## [EXERCISE DETAILS]
Please write out every entry below, word for word.

Crawled caption data

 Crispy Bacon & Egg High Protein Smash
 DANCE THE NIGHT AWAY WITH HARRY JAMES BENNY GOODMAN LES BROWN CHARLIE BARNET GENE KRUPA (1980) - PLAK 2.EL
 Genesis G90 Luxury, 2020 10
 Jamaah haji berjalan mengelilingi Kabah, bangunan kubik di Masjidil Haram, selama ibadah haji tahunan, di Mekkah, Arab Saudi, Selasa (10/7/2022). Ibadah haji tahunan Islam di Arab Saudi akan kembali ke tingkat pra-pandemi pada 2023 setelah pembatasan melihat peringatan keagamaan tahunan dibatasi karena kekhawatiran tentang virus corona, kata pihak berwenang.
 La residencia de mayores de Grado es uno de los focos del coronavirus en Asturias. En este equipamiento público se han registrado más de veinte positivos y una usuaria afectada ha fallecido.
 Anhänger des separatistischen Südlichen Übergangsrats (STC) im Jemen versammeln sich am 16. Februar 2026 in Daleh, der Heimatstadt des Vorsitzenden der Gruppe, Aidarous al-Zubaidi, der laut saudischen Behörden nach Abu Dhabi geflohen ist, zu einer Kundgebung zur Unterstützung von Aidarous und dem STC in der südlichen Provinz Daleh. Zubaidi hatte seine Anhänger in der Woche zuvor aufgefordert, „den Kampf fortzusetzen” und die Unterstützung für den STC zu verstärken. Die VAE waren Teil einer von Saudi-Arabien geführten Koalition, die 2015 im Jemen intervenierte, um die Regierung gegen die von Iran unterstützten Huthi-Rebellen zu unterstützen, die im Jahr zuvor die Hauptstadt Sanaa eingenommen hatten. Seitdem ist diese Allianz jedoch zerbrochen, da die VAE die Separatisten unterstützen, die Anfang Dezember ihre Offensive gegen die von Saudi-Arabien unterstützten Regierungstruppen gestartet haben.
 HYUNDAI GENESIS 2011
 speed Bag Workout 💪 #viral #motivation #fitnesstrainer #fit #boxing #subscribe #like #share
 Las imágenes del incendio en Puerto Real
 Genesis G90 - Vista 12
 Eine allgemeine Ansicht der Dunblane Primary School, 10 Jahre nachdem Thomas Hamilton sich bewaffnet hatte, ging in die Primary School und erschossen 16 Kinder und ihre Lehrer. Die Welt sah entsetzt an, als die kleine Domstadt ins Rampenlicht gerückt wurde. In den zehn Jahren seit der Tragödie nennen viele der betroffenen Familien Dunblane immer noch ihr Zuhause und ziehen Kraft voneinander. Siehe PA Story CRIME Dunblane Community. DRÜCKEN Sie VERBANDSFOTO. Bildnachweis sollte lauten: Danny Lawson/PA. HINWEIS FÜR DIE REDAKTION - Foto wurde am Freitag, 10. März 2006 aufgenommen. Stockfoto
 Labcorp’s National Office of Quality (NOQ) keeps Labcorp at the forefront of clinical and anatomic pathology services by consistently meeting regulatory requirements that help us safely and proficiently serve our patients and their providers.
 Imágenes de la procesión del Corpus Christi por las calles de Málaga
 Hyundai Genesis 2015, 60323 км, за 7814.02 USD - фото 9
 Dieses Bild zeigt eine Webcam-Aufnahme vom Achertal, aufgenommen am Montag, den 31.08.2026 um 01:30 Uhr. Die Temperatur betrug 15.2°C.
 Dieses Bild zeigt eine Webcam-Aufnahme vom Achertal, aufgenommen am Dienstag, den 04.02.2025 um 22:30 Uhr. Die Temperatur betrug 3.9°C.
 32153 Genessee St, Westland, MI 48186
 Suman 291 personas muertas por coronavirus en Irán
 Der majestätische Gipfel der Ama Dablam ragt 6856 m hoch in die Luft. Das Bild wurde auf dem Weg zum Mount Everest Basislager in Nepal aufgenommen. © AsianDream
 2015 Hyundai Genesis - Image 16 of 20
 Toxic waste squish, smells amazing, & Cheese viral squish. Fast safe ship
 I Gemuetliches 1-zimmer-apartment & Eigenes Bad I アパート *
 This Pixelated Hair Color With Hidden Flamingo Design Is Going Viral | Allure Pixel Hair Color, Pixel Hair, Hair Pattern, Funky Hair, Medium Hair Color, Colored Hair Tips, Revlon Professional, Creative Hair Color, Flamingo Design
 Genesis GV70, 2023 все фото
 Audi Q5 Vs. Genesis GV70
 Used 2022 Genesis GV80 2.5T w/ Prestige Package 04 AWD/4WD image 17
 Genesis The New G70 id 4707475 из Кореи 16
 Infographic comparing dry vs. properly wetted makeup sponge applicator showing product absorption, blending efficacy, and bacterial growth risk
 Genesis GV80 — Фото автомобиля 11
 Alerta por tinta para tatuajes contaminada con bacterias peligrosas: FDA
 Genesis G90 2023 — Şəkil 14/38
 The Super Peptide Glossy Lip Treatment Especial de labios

## [RESPONSE AREA]
 Crispy Bacon & Egg High Protein Smash
 DANCE THE NIGHT AWAY WITH HARRY JAMES BENNY GOODMAN LES BROWN CHARLIE BARNET GENE KRUPA (1980) - PLAK 2.EL
 Genesis G90 Luxury, 2020 10
 Jamaah haji berjalan mengelilingi Kabah, bangunan kubik di Masjidil Haram, selama ibadah haji tahunan, di Mekkah, Arab Saudi, Selasa (10/7/2022). Ibadah haji tahunan Islam di Arab Saudi akan kembali ke tingkat pra-pandemi pada 2023 setelah pembatasan melihat peringatan keagamaan tahunan dibatasi karena kekhawatiran tentang virus corona, kata pihak berwenang.
 La residencia de mayores de Grado es uno de los focos del coronavirus en Asturias. En este equipamiento público se han registrado más de veinte positivos y una usuaria afectada ha fallecido.
 Anhänger des separatistischen Südlichen Übergangsrats (STC) im Jemen versammeln sich am 16. Februar 2026 in Daleh, der Heimatstadt des Vorsitzenden der Gruppe, Aidarous al-Zubaidi, der laut saudischen Behörden nach Abu Dhabi geflohen ist, zu einer Kundgebung zur Unterstützung von Aidarous und dem STC in der südlichen Provinz Daleh. Zubaidi hatte seine Anhänger in der Woche zuvor aufgefordert, „den Kampf fortzusetzen” und die Unterstützung für den STC zu verstärken. Die VAE waren Teil einer von Saudi-Arabien geführten Koalition, die 2015 im Jemen intervenierte, um die Regierung gegen die von Iran unterstützten Huthi-Rebellen zu unterstützen, die im Jahr zuvor die Hauptstadt Sanaa eingenommen hatten. Seitdem ist diese Allianz jedoch zerbrochen, da die VAE die Separatisten unterstützen, die Anfang Dezember ihre Offensive gegen die von Saudi-Arabien unterstützten Regierungstruppen gestartet haben.
 HYUNDAI GENESIS 2011
 speed Bag Workout 💪 #viral #motivation #fitnesstrainer #fit #boxing #subscribe #like #share
 Las imágenes del incendio en Puerto Real
 Genesis G90 - Vista 12
 Eine allgemeine Ansicht der Dunblane Primary School, 10 Jahre nachdem Thomas Hamilton sich bewaffnet hatte, ging in die Primary School und erschossen 16 Kinder und ihre Lehrer. Die Welt sah entsetzt an, als die kleine Domstadt ins Rampenlicht gerückt wurde. In den zehn Jahren seit der Tragödie nennen viele der betroffenen Familien Dunblane immer noch ihr Zuhause und ziehen Kraft voneinander. Siehe PA Story CRIME Dunblane Community. DRÜCKEN Sie VERBANDSFOTO. Bildnachweis sollte lauten: Danny Lawson/PA. HINWEIS FÜR DIE REDAKTION - Foto wurde am Freitag, 10. März 2006 aufgenommen. Stockfoto
 Labcorp’s National Office of Quality (NOQ) keeps Labcorp at the forefront of clinical and anatomic pathology services by consistently meeting regulatory requirements that help us safely and proficiently serve our patients and their providers.
 Imágenes de la procesión del Corpus Christi por las calles de Málaga
 Hyundai Genesis 2015, 60323 км, за 7814.02 USD - фото 9
 Dieses Bild zeigt eine Webcam-Aufnahme vom Achertal, aufgenommen am Montag, den 31.08.2026 um 01:30 Uhr. Die Temperatur betrug 15.2°C.
 Dieses Bild zeigt eine Webcam-Aufnahme vom Achertal, aufgenommen am Dienstag, den 04.02.2025 um 22:30 Uhr. Die Temperatur betrug 3.9°C.
 32153 Genessee St, Westland, MI 48186
 Suman 291 personas muertas por coronavirus en Irán
 Der majestätische Gipfel der Ama Dablam ragt 6856 m hoch in die Luft. Das Bild wurde auf dem Weg zum Mount Everest Basislager in Nepal aufgenommen. © AsianDream
 2015 Hyundai Genesis - Image 16 of 20
 Toxic waste squish, smells amazing, & Cheese viral squish. Fast safe ship
 I Gemuetliches 1-zimmer-apartment & Eigenes Bad I アパート *
 This Pixelated Hair Color With Hidden Flamingo Design Is Going Viral | Allure Pixel Hair Color, Pixel Hair, Hair Pattern, Funky Hair, Medium Hair Color, Colored Hair Tips, Revlon Professional, Creative Hair Color, Flamingo Design
 Genesis GV70, 2023 все фото
 Audi Q5 Vs. Genesis GV70
 Used 2022 Genesis GV80 2.5T w/ Prestige Package 04 AWD/4WD image 17
 Genesis The New G70 id 4707475 из Кореи 16
 Infographic comparing dry vs. properly wetted makeup sponge applicator showing product absorption, blending efficacy, and bacterial growth risk
 Genesis GV80 — Фото автомобиля 11
 Alerta por tinta para tatuajes contaminada con bacterias peligrosas: FDA
 Genesis G90 2023 — Şəkil 14/38
 The Super Peptide Glossy Lip Treatment Especial de labios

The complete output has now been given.